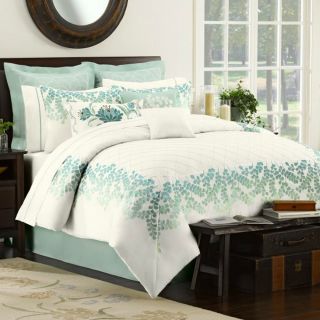 Emory Embroidered Oversize Queen 8 Piece Comforter Bed in A Bag Set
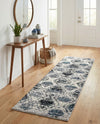 Marrakech Mosaic Collection Area Rug -  Atlas Runner Blue Gray  lifestyle 34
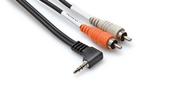 Kable - HOSA CMR-206R Kabel breakout TRS R 3.5 - 2 x RCA, 1.8m - miniaturka - grafika 1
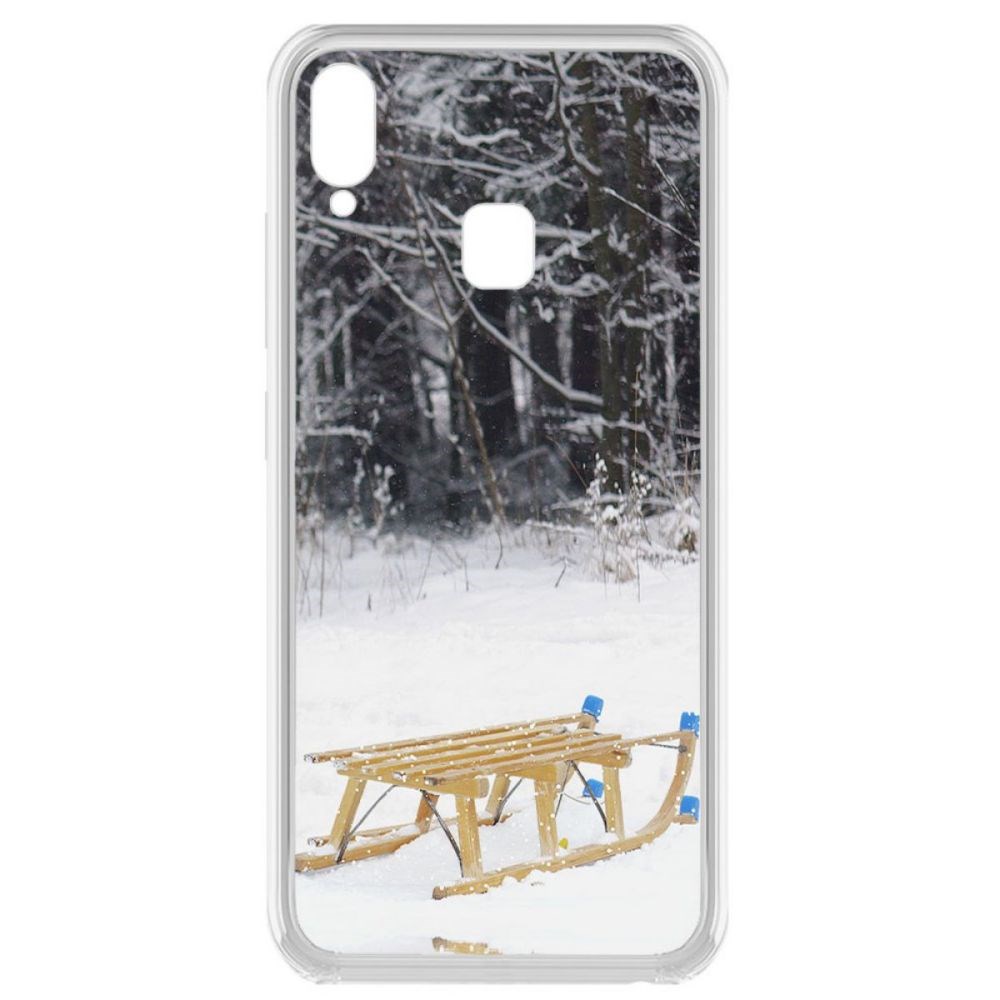 

Чехол-накладка Krutoff Clear Case Санки для Vivo Y91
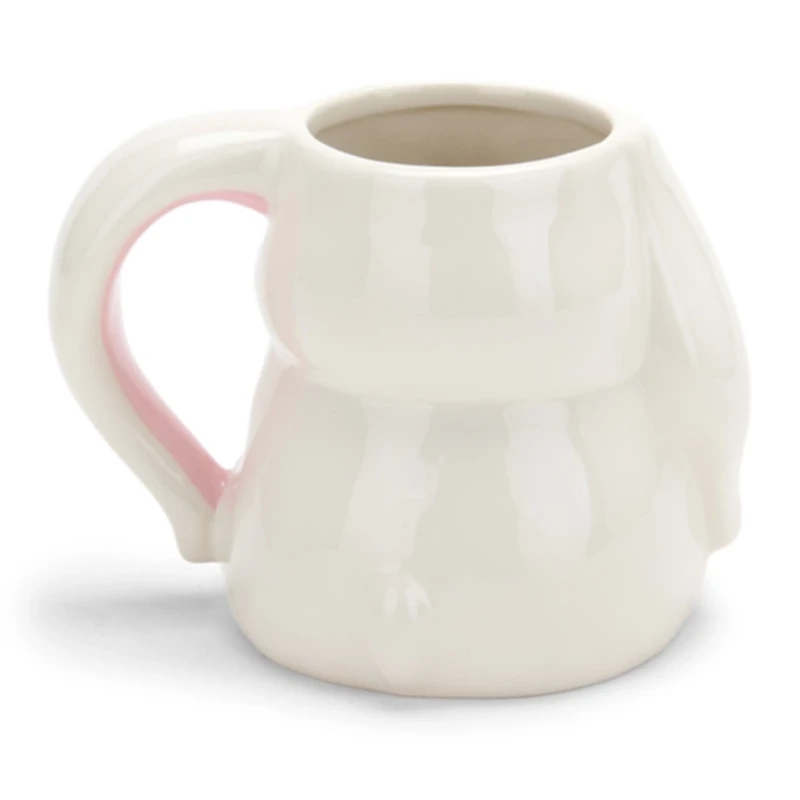 Bunny with Flower Shaped Mug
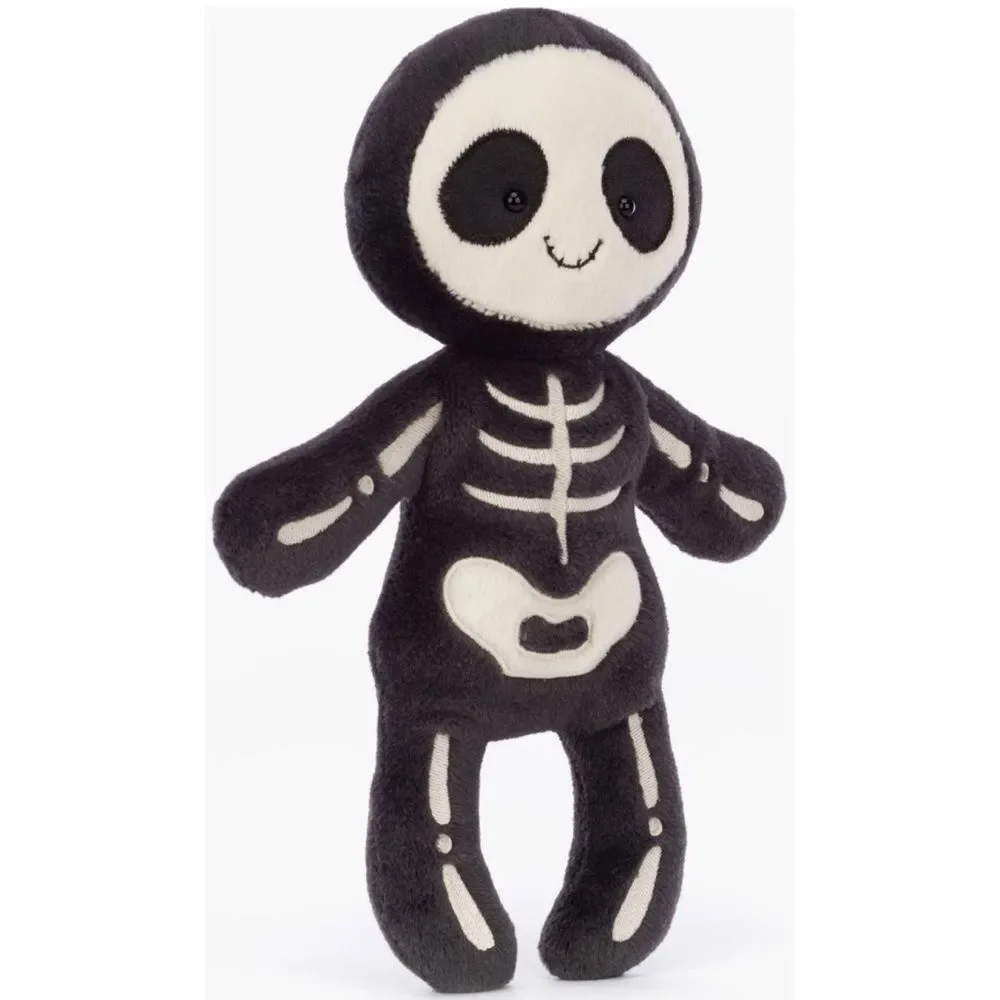 Jellycat Skeleton Bob Stuffed Plushie Toy, 13 inches -‎ Spooky Halloween Plush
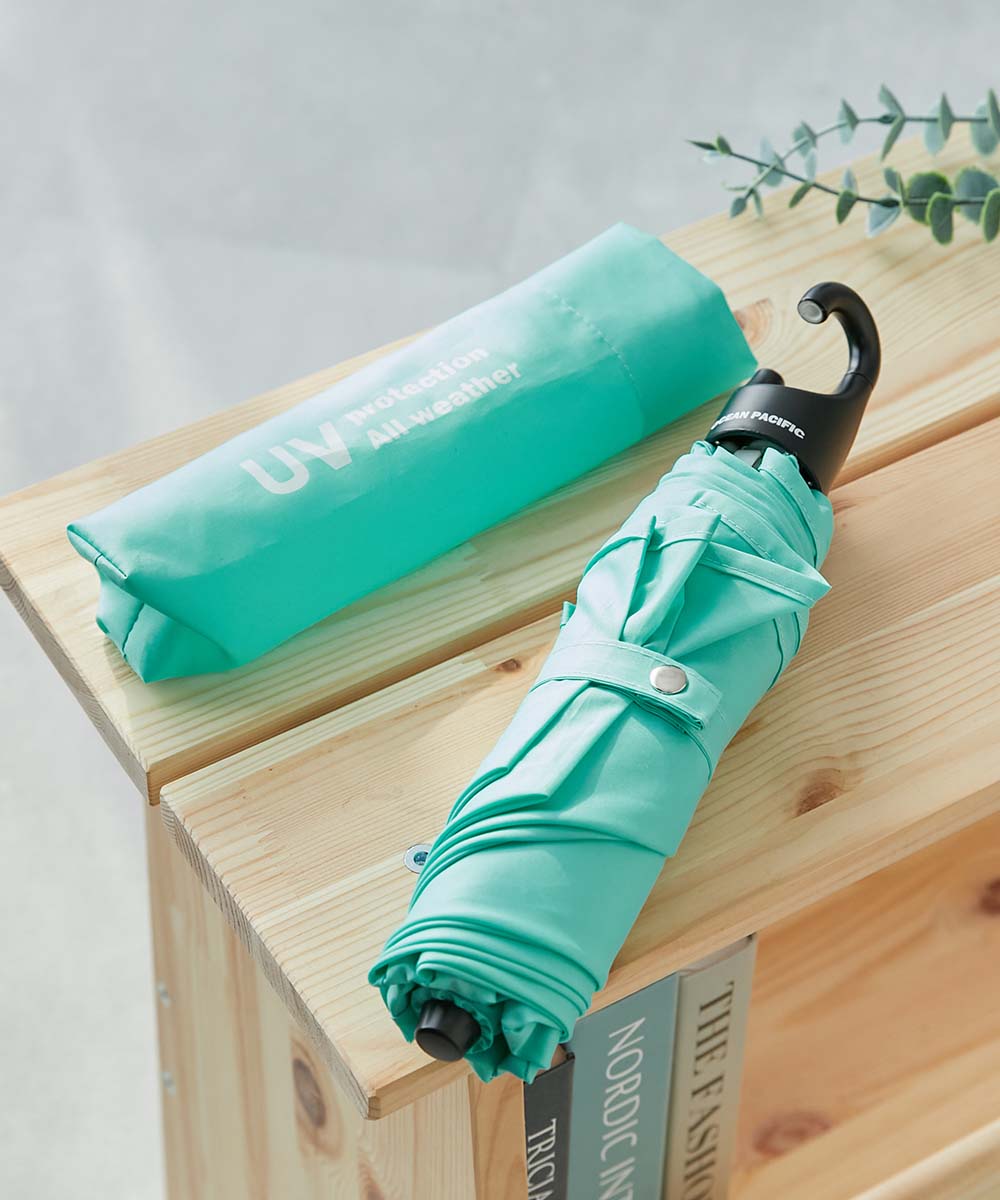 レインウェア 雨具 Ocean Pacific カラビナ付き軽量折り畳み傘(晴雨兼用) キッズ 子供服 男の子 女の子  デビロック devirock | devirock | 03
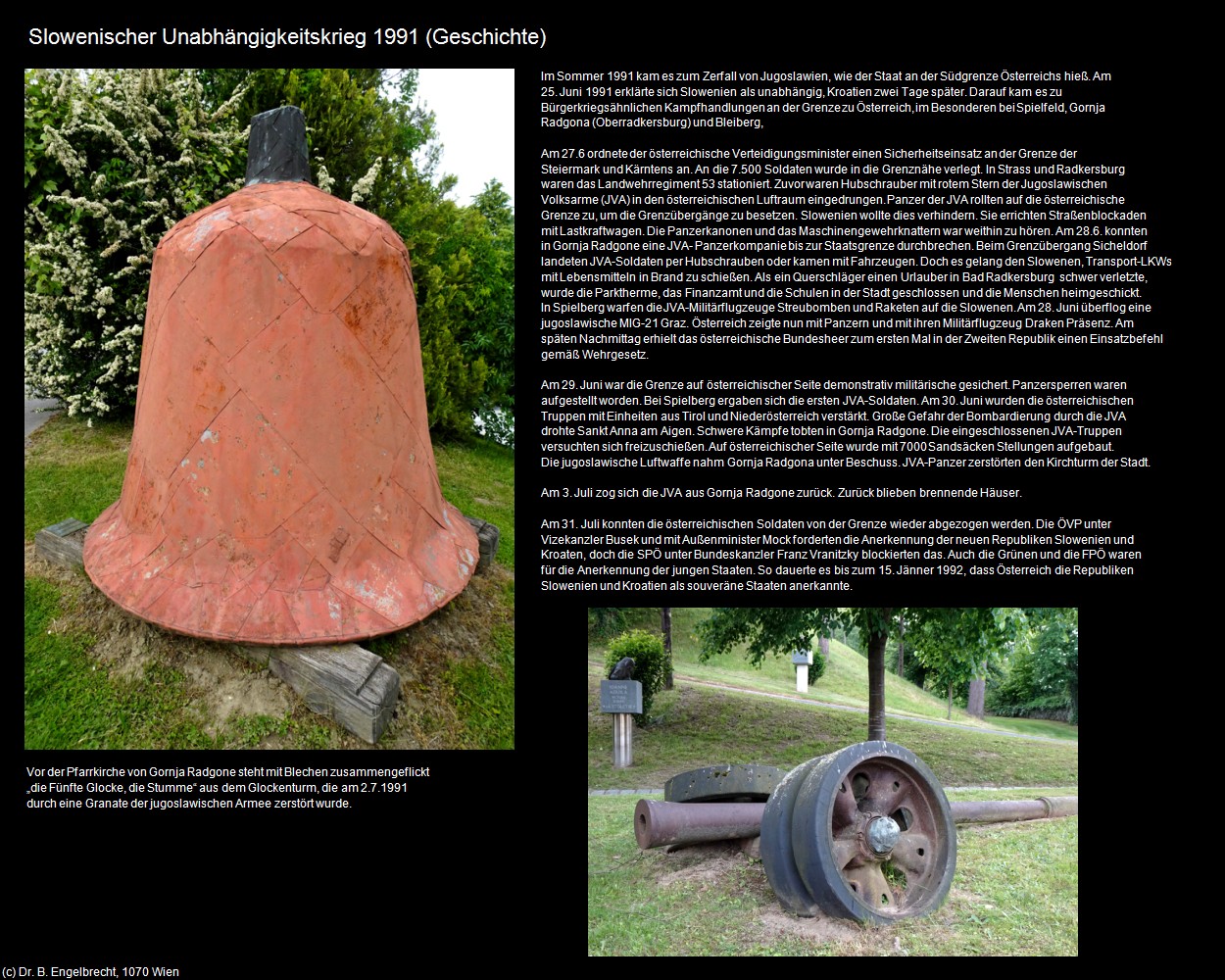 Slowenischer Unabhängigkeitskrieg 1991 (Gornja Radgona/Oberradkersburg) in Kulturatlas-SLOWENIEN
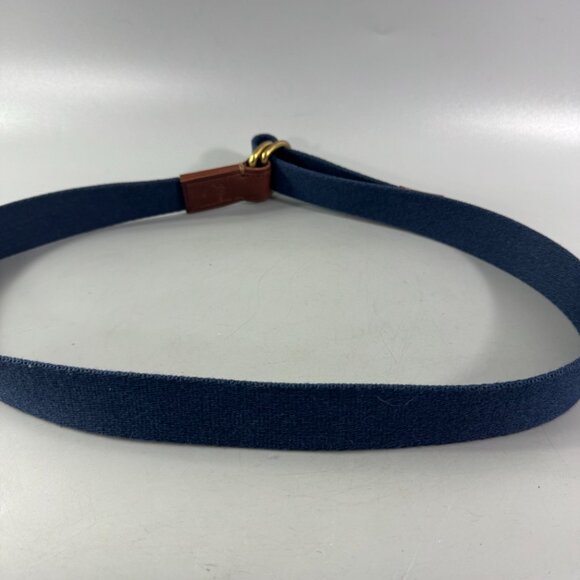 J. Crew D-ring Webbed Belt in Blue, Women's Size M - Picture 5 of 10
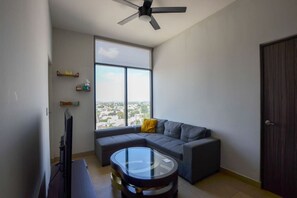 Living area - Moderno y Nuevo Departamento Céntrico (Monterrey)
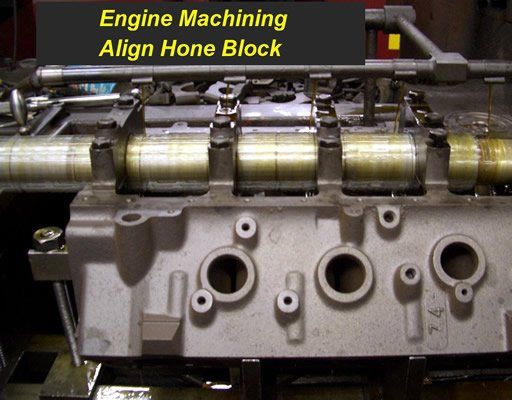 Engine machining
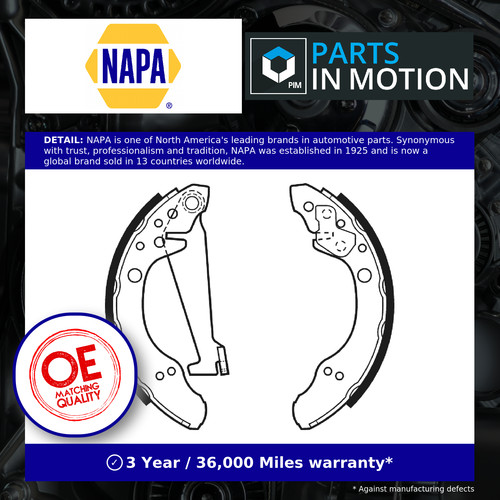 Brake shoes set fits - brake, skoda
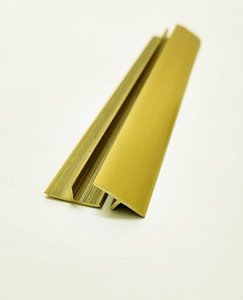 Pasamanos de latón personalizado moderno Acabado de alto brillo Fabricación flexible-Venta al por mayor de fábrica Tamaño Estilo TTD Tiras de incrustaciones de latón Azulejo - Product Image 2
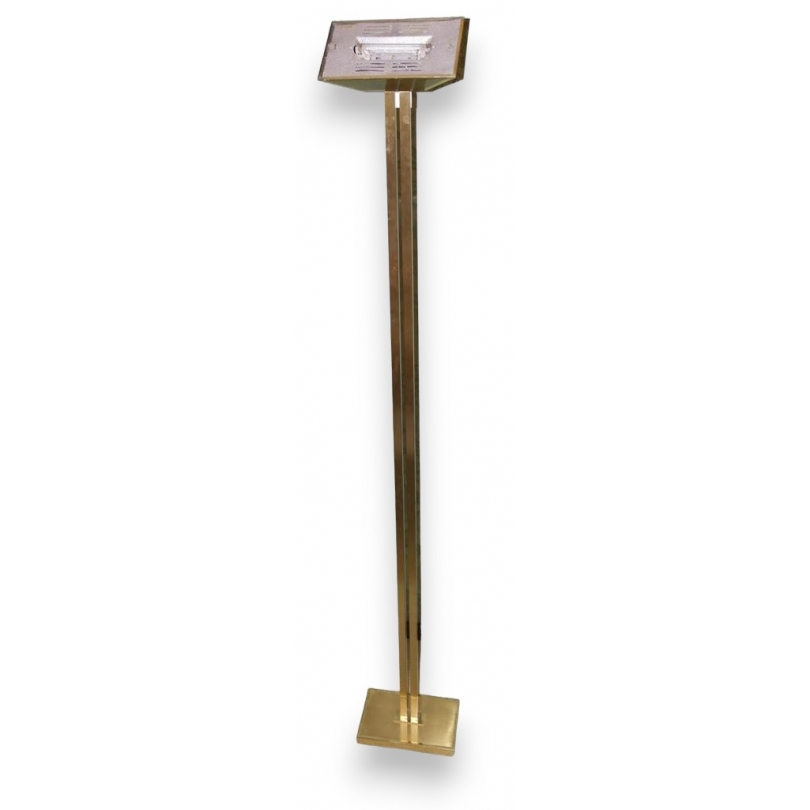 Brass halogen floor lamp at Moinat SA – Antiques and home décor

___

Problem details.
Beginning with the line holding "Pasamanos de latón", copy each line exactly through the end of the records above, and leave every picture out.

Solution to the exercise.
 Pasamanos de latón personalizado moderno Acabado de alto brillo Fabricación flexible-Venta al por mayor de fábrica Tamaño Estilo TTD Tiras de incrustaciones de latón Azulejo - Product Image 2
 Brass halogen floor lamp at Moinat SA – Antiques and home décor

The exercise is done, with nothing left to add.